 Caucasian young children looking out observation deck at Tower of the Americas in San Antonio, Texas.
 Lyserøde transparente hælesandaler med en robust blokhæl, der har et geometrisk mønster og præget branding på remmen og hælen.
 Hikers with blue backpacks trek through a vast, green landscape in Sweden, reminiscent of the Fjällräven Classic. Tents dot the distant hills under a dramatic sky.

——————————

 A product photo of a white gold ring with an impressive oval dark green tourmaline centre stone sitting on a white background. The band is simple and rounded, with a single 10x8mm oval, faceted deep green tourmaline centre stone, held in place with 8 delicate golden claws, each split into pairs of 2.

——————————

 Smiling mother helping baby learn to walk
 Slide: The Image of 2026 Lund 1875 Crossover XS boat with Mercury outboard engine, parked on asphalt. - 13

——————————

• [What to produce]:
Within the material above, transcribe exactly the lines that run from the line holding "Caucasian young children" through the line holding "Hikers with blue".

• [Response to the task]:
 Caucasian young children looking out observation deck at Tower of the Americas in San Antonio, Texas.
 Lyserøde transparente hælesandaler med en robust blokhæl, der har et geometrisk mønster og præget branding på remmen og hælen.
 Hikers with blue backpacks trek through a vast, green landscape in Sweden, reminiscent of the Fjällräven Classic. Tents dot the distant hills under a dramatic sky.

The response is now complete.